Extracted data >>
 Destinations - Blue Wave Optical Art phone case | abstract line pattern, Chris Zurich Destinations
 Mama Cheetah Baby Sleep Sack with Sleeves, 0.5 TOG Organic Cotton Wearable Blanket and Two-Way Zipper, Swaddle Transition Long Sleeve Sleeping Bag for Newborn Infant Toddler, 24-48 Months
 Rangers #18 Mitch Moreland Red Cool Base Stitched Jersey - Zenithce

...

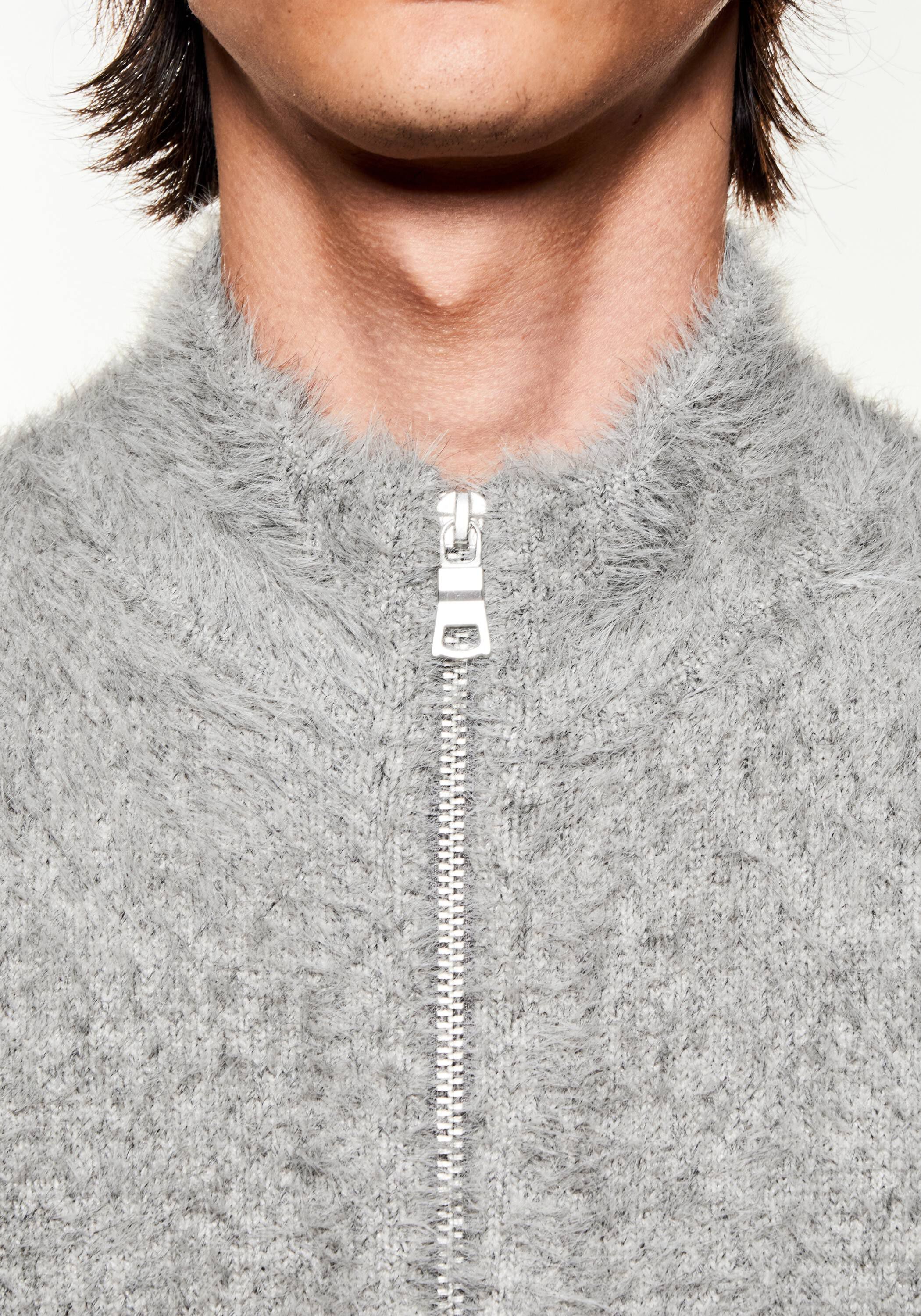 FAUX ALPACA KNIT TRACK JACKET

What you have to do >> Which lines above run from the one containing "Mama Cheetah Baby" down to the one containing "Rangers #18 Mitch"? Repeat exactly those, both ends included, and nothing else.

Output below >>
 Mama Cheetah Baby Sleep Sack with Sleeves, 0.5 TOG Organic Cotton Wearable Blanket and Two-Way Zipper, Swaddle Transition Long Sleeve Sleeping Bag for Newborn Infant Toddler, 24-48 Months
 Rangers #18 Mitch Moreland Red Cool Base Stitched Jersey - Zenithce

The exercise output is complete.